Devant ce meuble se trouvait une jeune fille d’un extérieur singulier. A en juger par son visage, elle devait avoir seize ans environ; ses vêtemens, loin d’être propres et coquets, étaient plutôt sales et négligés, mais sa chaste physionomie avait dans son expression quelque chose d’étrange et d’élevé qui captivait l’attention et éveillait dans le cœur un sympathique attrait.
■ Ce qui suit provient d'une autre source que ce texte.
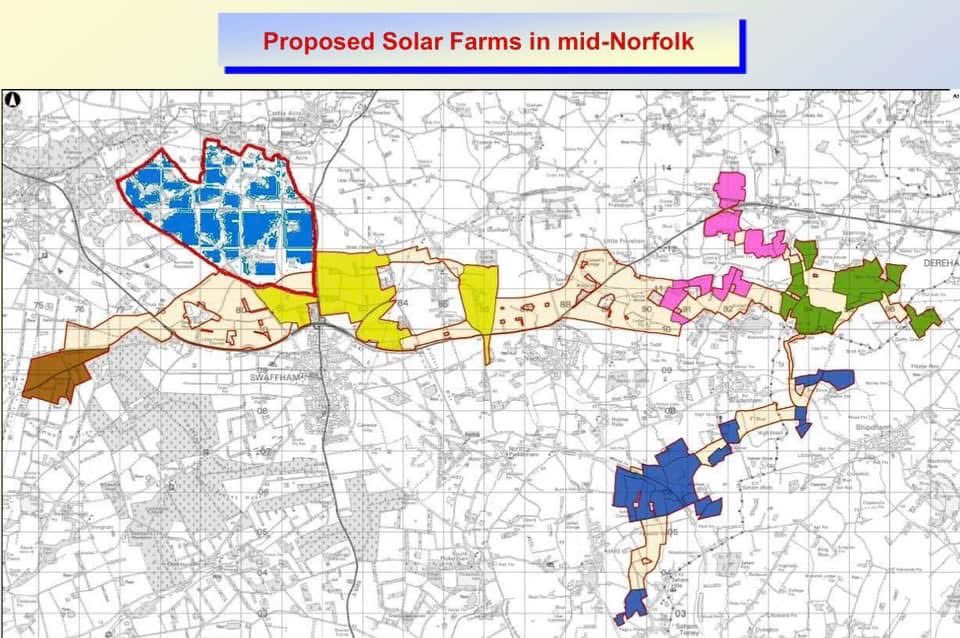TheNorfolkLion's tweet image. 🚨 They’re destroying Norfolk’s green farmlands with massive solar power stations

These are not “solar farms”. They are massive solar power stations being built on prime agricultural land.

Across mid-Norfolk, from Castle Acre to south of Norwich, 20,000 acres (31 square miles)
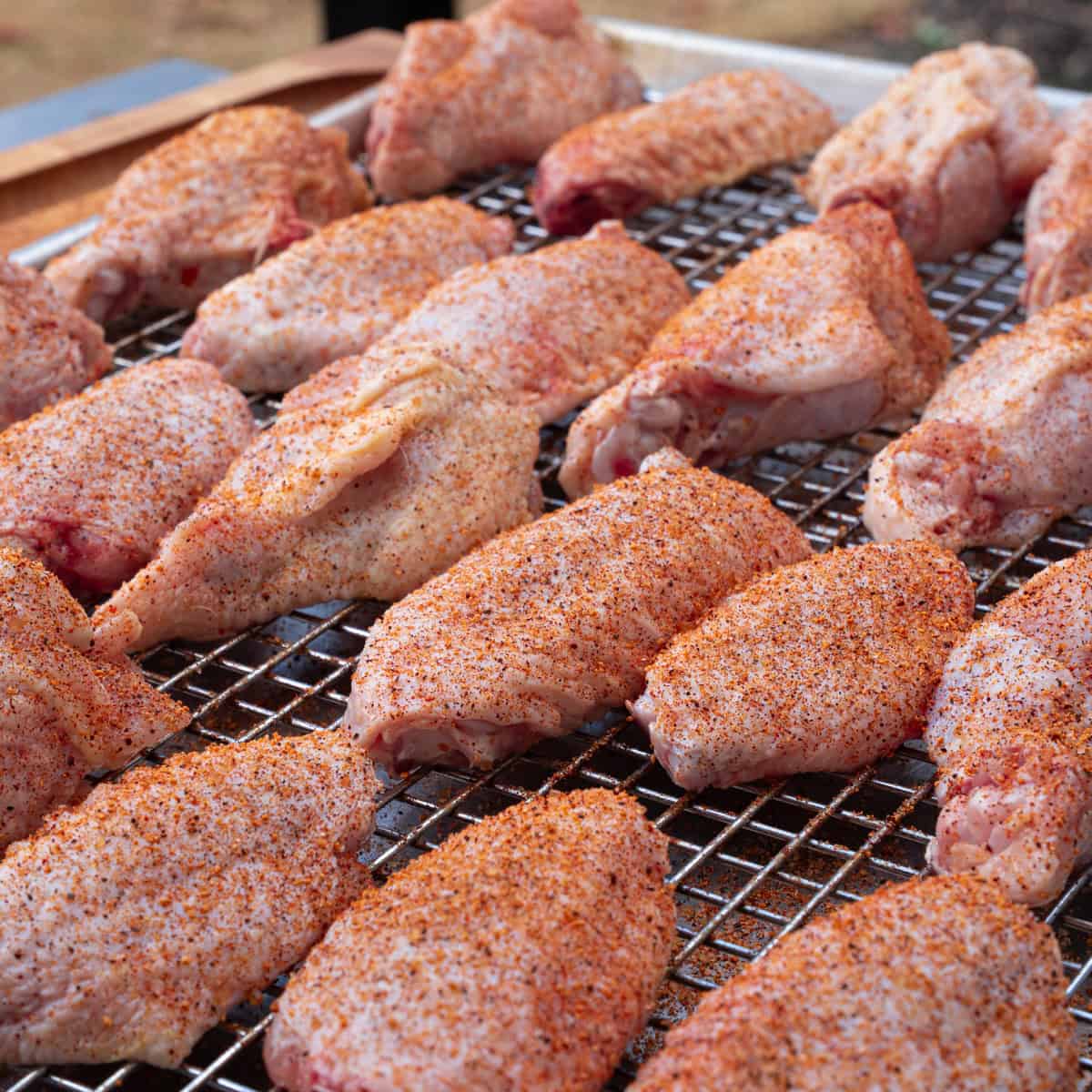 Seasoned chicken wings ready to go on the grill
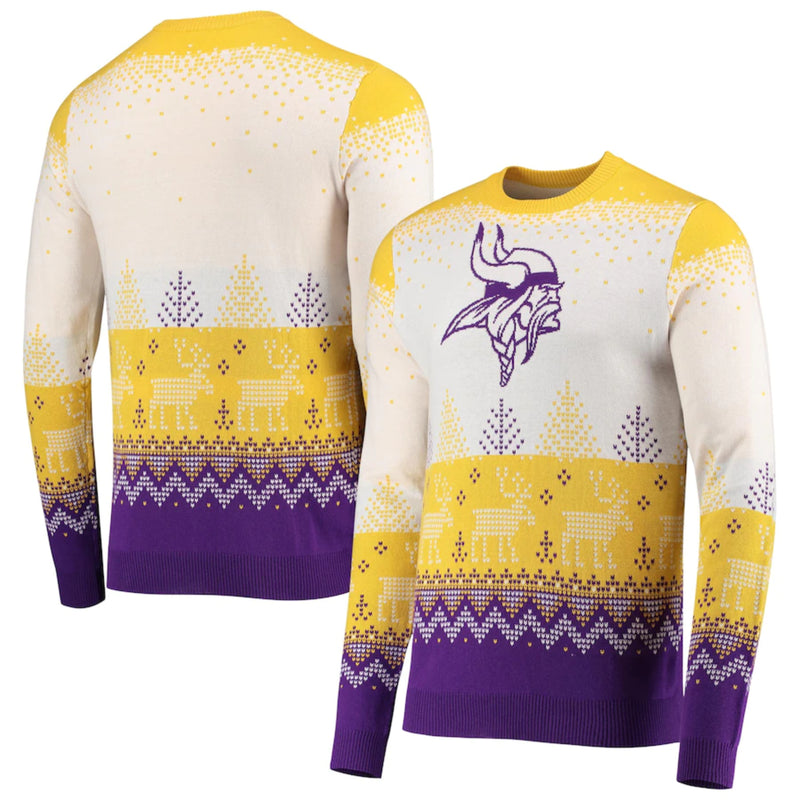 Load image into Gallery viewer, Minnesota Vikings NFL Big Logo Knit Ugly Pullover Sweater

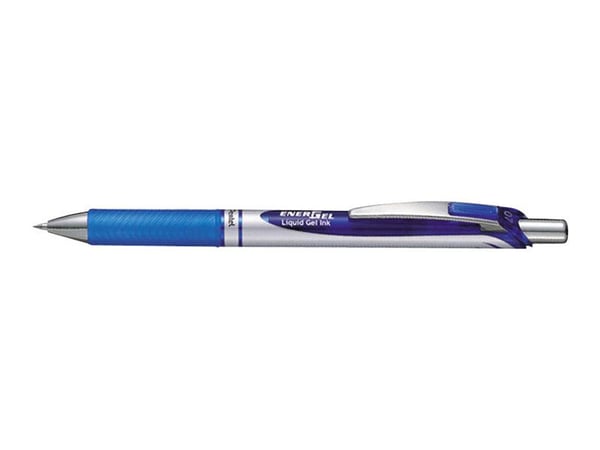 Pentel EnerGel, Sisäänvedettävä geelikynä, Sininen, Sininen, Hopea, Kumi, Keskikokoinen, 0,7 mm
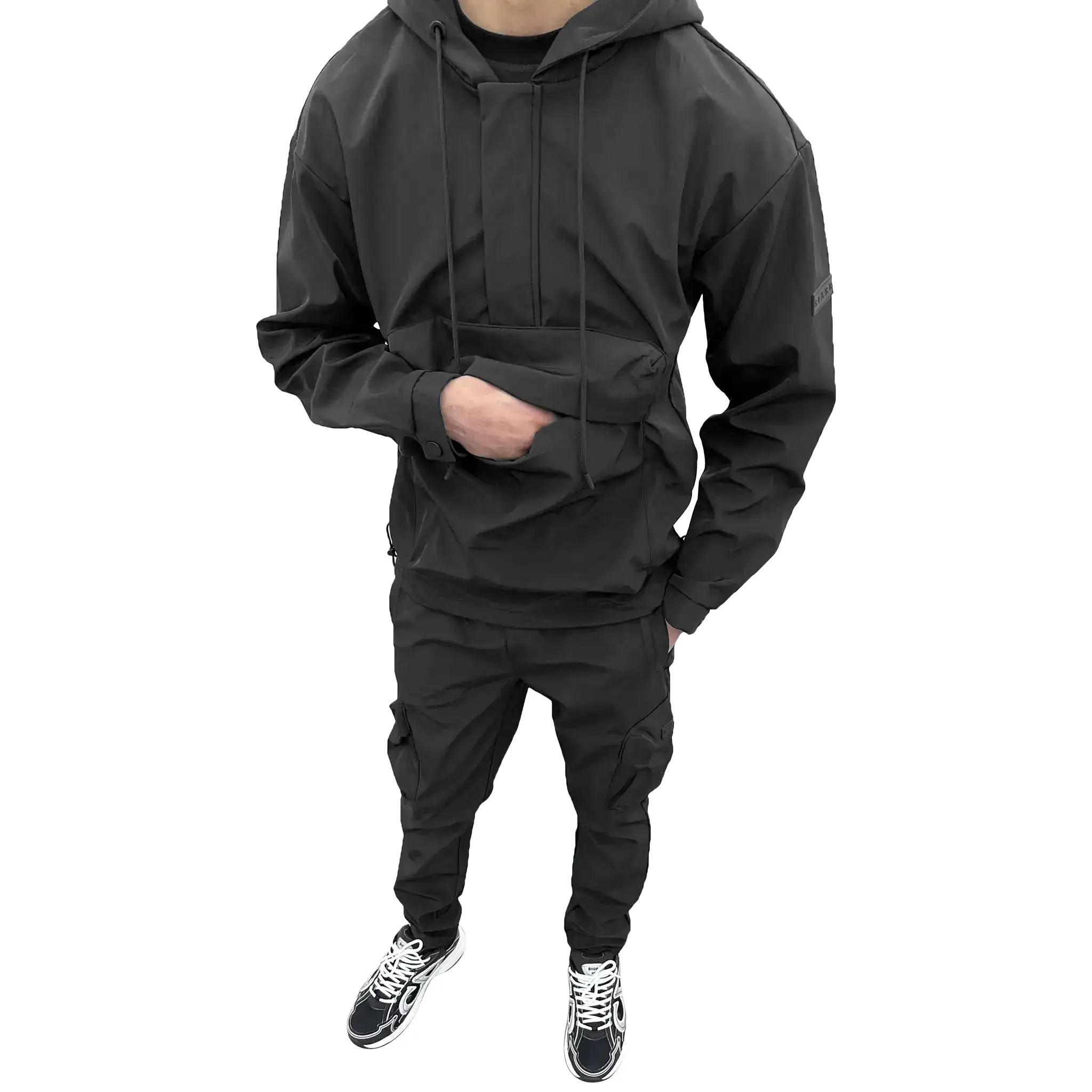 SIARR Nylon Half-Zip Black Jacket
Ce n’est pas qu’on eût pu la dire belle, car elle était pâle comme du marbre diaphane, et quand ses yeux, aussi noirs que le jais, lançaient sous leurs longues paupières un regard ardent comme une étincelle, ces yeux paraissaient durs et presque farouches; mais il y avait aussi des momens où, semblable à une insensée, elle promenait lentement autour d’elle son œil abattu, et où son visage s’illuminait soudain d’un radieux sourire, comme si une voix joyeuse eût parlé à son cœur : alors elle était belle, belle comme la fleur languissante qui déploie encore son calice au soleil, bien qu’un ver avide ait déjà rongé sa racine.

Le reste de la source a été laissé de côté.